La ville de Goma s’est réveillée le dimanche 7 décembre 2025 dans la consternation après la découverte du corps sans vie d’une jeune femme au quartier Mabanga Nord, non loin de la limite avec Majengo, dans la commune de Karisimbi.

Selon les premiers éléments recueillis sur place, la victime répondait au nom de Marie, une jeune femme âgée d’une vingtaine d’années. Décrite par son entourage comme quelqu’un de calme, responsable et ouverte d’esprit.

Marie était connue dans son quartier pour sa discrétion et son sens de l’écoute. Son décès brutal a plongé sa famille et les habitants dans une profonde douleur.

Son corps a été découvert tôt le matin à l’endroit appelé Kimuti, un site souvent animé où passent commerçants et habitants.

Les premières constatations laissent croire qu’elle aurait été violée avant d’être assassinée, probablement par ceux-là mêmes qui l’ont agressée. Le corps présentait des signes évidents de violences physiques, renforçant la piste d’un acte criminel particulièrement brutal.

Les autorités sécuritaires de l’AFC-M23, qui contrôlent la ville, affirment avoir immédiatement ouvert une enquête pour tenter d’identifier les auteurs de ce crime et comprendre les circonstances exactes du drame. Des équipes de sécurité ont été déployées dans le secteur et plusieurs témoins potentiels auraient déjà été auditionnés.

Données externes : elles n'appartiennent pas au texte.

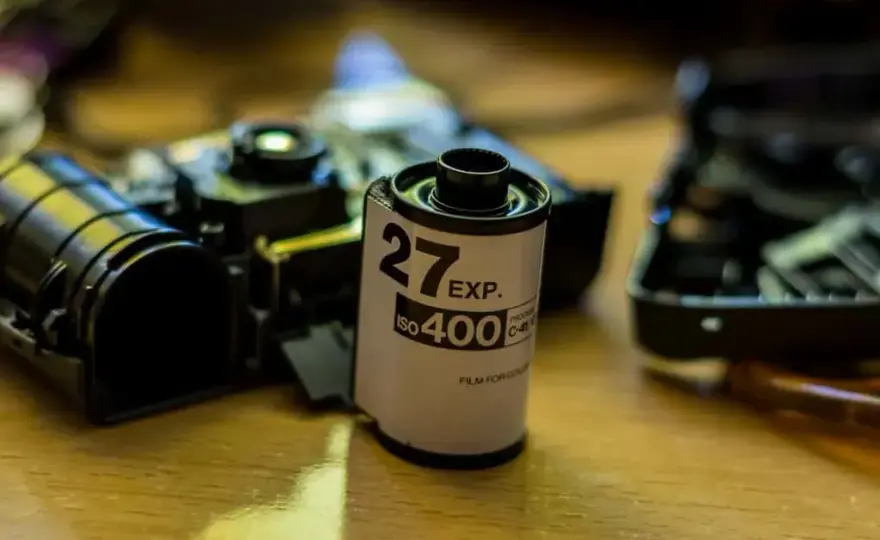 Jak wywołać zdjęcia z aparatu jednorazowego Kodak - krok po kroku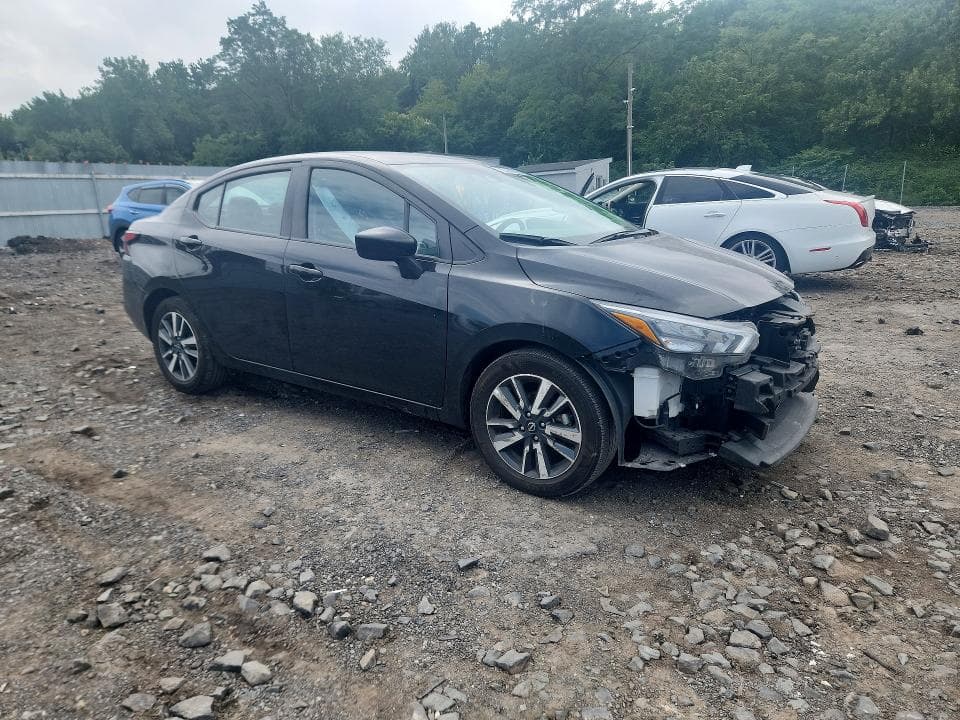 2025 NISSAN VERSA SV 4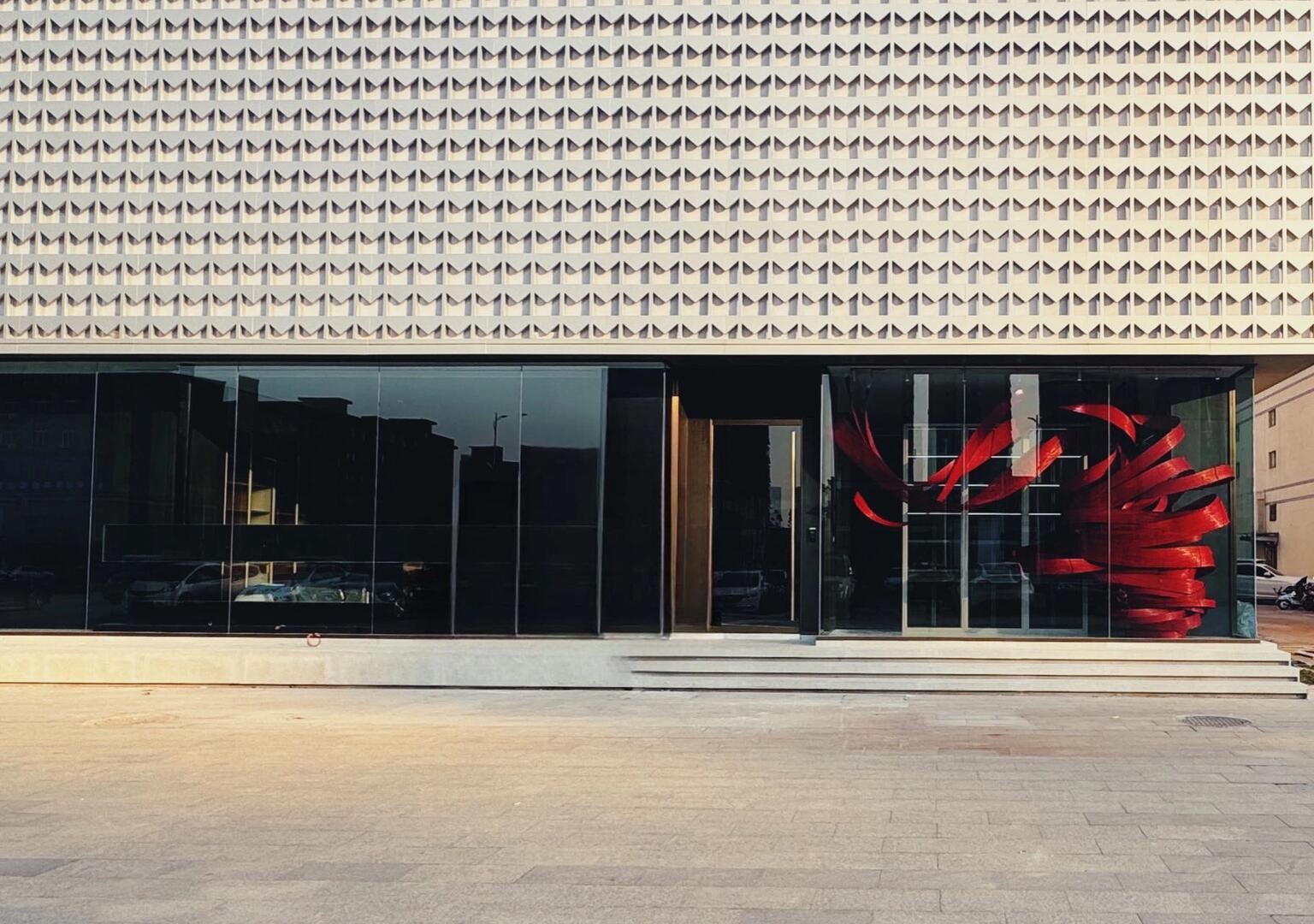 A Stroke of Deep Chinese Red Facing the Street | Bamboo Art Installation| Installation art lostpeach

Dans la population, l’émotion reste vive. De nombreux habitants dénoncent la montée des violences sexuelles et réclament des mesures plus strictes de protection, surtout dans les zones à risque où les patrouilles se font rares.

Les organisations locales de défense des droits humains appellent, elles aussi, à une enquête rigoureuse et indépendante pour garantir que justice soit rendue.

En attendant les conclusions des investigations, le meurtre de Marie s’ajoute à une série d’actes criminels qui continuent de fragiliser le tissu social dans la capitale provinciale du Nord-Kivu, déjà éprouvée par des années de conflit et d’instabilité.

Une fois de plus, la ville de Goma pleure une innocente, victime de la barbarie humaine.